「君が代」は、賛成か反対かの二元論で語られるか、敬して遠ざけるといった態度を取られることが多い。それに対して著者は、以下の6つの疑問を解き明かしたうえで「君が代」への新しい向き合い方を提案している。
・なぜこの歌詞が選ばれたのか
・誰が作曲したのか
・いつ国歌となったのか
・いかにして普及したのか
・どのように戦争を生き延びたのか
・なぜいまでに論争の的になるのか
歌詞や作曲など、自分自身こんな基本的なことも知らなかったのかと驚かされることばかり。まずは「君が代」についてよく知ることが、議論のためにも必要なのだ。
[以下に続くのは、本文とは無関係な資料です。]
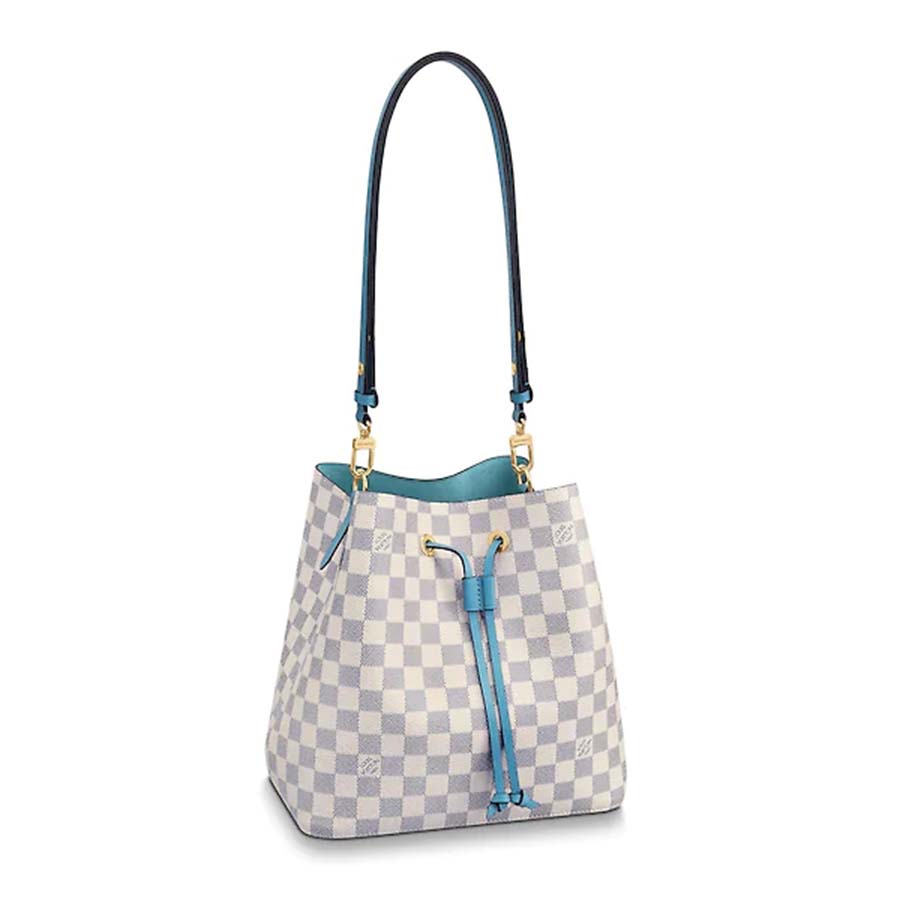Louis Vuitton LV Women NéoNoé Bucket Bag in Damier Azur Canvas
唱歌や軍歌と呼ばれる歌は、鉄道や通信制度などと同じく、明治政府の関係者が西洋諸国を参考にして導入したものであった。
当時、国歌を作りうる政府機関は、陸軍軍楽隊、海軍軍楽隊、宮内省雅楽課、文部省音楽取調掛の四つしかなかった。
インターネットで検索すればすぐ「君が代」の音源が見つかる現代では考えにくいが、録音技術が未発達な時代、その模範的な歌い方を実際に聴くことは容易ではなかった。
起立して、姿勢を正し、「君が代」を一回だけ歌う。(…)現在我々が当たり前だと思っている「君が代」斉唱の風景は、実は戦時下に完成したものに他ならなかった。
「君が代」をめぐる話を通じて浮かび上がってくるのは、明治以降の日本の歴史であり、近代日本が抱え込んだ様々な矛盾や軋轢である。それは過去の話ではなく、現在まで続く問題として残されている。
2015年7月30日、幻冬舎新書、860円。